Nicht zu vergessen sind außerdem die bedeutendsten italienischen Comiczeichner:innen (unter ihnen Gipi, Igort, Zerocalcare) und die besten Nachwuchstalente, die stets auf der Messe vertreten sind, Gäste bei verschiedenen Verlagen und für Begegnungen und Signierstunden verfügbar.
French Kiss: die Ausgabe 2025
Die Ausgabe 2025 mit dem Titel „French Kiss“, hat das Ziel, die Konzepte von Liberté, Créativité, Diversité zu feiern, Begriffe wie Community und Inklusivität (seit Jahren Grundpfeiler des Festivals) zu bekräftigen und zusammen mit dem Institut Français Frankreich mit verschiedenen Initiativen zu würdigen. Dazu gehört eine Ausstellung der berühmten französischen Illustratorin Rebecca Dautremer, Schöpferin des Festivalplakats.

© Lucca Comics and Games/Rebecca Dautremer
Die Geschichte der bandes dessinées wird mit der Ausstellung „Hexagones“ gewürdigt, die Originalwerke von Claire Bretécher, Florence Cestac, Moebius, Philippe Druillet, Edmond Baudoin (der unter den Gästen des Festivals ist), Gotlib, Jean-Marc Reiser, Jacques Tardi, Georges Wolinski, Baru enthält. Und es gibt einen Bereich, der dem Brettspiel „Dixit“ gewidmet ist, das aus der Idee von Jean-Louis Roubira entstand und durch die Illustratorin Marie Cardouat repräsentiert wird.

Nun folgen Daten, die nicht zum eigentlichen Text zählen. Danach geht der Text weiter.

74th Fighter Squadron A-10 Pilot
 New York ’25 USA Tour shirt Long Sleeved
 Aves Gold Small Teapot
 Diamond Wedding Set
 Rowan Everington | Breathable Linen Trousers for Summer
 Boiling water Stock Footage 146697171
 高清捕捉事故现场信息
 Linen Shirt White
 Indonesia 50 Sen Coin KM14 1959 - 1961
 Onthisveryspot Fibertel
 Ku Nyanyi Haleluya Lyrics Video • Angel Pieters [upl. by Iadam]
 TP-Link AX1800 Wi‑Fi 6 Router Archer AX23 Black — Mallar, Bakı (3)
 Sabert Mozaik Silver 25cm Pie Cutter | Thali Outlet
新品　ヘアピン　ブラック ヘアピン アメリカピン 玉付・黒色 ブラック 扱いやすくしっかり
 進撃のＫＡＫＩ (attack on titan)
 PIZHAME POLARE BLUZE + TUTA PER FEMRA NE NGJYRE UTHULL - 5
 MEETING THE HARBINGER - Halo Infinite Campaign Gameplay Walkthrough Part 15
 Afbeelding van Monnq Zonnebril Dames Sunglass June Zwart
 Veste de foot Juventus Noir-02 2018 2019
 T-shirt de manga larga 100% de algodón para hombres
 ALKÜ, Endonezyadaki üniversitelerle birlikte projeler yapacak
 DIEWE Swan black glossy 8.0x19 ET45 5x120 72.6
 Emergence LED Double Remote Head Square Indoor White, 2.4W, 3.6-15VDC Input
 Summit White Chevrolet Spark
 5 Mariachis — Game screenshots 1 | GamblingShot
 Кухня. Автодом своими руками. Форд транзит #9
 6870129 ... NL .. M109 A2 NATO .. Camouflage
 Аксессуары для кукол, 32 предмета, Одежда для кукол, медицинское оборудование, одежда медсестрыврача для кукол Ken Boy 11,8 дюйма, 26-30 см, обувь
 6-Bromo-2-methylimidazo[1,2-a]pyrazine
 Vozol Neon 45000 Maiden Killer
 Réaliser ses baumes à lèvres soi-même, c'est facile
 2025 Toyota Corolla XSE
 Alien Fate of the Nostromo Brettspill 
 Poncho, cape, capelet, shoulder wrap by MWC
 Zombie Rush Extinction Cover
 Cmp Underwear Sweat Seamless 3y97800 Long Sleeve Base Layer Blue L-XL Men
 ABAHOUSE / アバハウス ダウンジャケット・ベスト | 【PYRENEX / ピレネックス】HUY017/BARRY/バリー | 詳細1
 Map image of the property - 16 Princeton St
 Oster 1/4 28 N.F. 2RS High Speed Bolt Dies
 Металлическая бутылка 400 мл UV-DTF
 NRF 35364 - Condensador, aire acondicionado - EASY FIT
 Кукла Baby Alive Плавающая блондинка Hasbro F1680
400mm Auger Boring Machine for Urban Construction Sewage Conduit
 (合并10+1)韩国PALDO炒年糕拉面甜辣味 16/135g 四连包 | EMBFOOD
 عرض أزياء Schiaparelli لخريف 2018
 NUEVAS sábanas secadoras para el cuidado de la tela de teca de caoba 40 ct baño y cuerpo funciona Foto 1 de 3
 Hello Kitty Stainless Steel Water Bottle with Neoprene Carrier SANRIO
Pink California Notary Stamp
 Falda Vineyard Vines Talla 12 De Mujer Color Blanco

Neben Frankreich wird auch das 40-jährige Jubiläum von „Fist of the North Star“ gefeiert, einem der einflussreichsten Manga und später Anime für die Etablierung der japanischen Comic-Kultur in Europa. Aus diesem Anlass wird der Schöpfer der Saga, Tetsuo Hara, mit einer exklusiven Ausstellung vertreten sein.
Weitere bedeutende Gäste sind in diesem Jahr Kevin Eastman, Schöpfer der Ninja Turtles; John Romita Jr., einer der wichtigsten US-amerikanischen Zeichner der vergangenen Jahrzehnte; Darick Robertson, Mit-Schöpfer von „The Boys“; Mike Richardson und David Scroggy, der erste Gründer und CEO von Dark Horse Comics, der zweite über 20 Jahre eine tragende Säule des Unternehmens; Guy Delisle, einer der bekanntesten kanadischen Comiczeichner und einer der Hauptvertreter des Graphic Journalism und des Travel Comic; Chip Zdarsky, Eisner-Award-Preisträger, Autor unter anderem von Batman, Daredevil und derzeit Captain America. Die Liste geht weiter mit anderen Mangaka, darunter Kei Urana und Hideyoshi Andou, Autoren von „Gachiakuta“.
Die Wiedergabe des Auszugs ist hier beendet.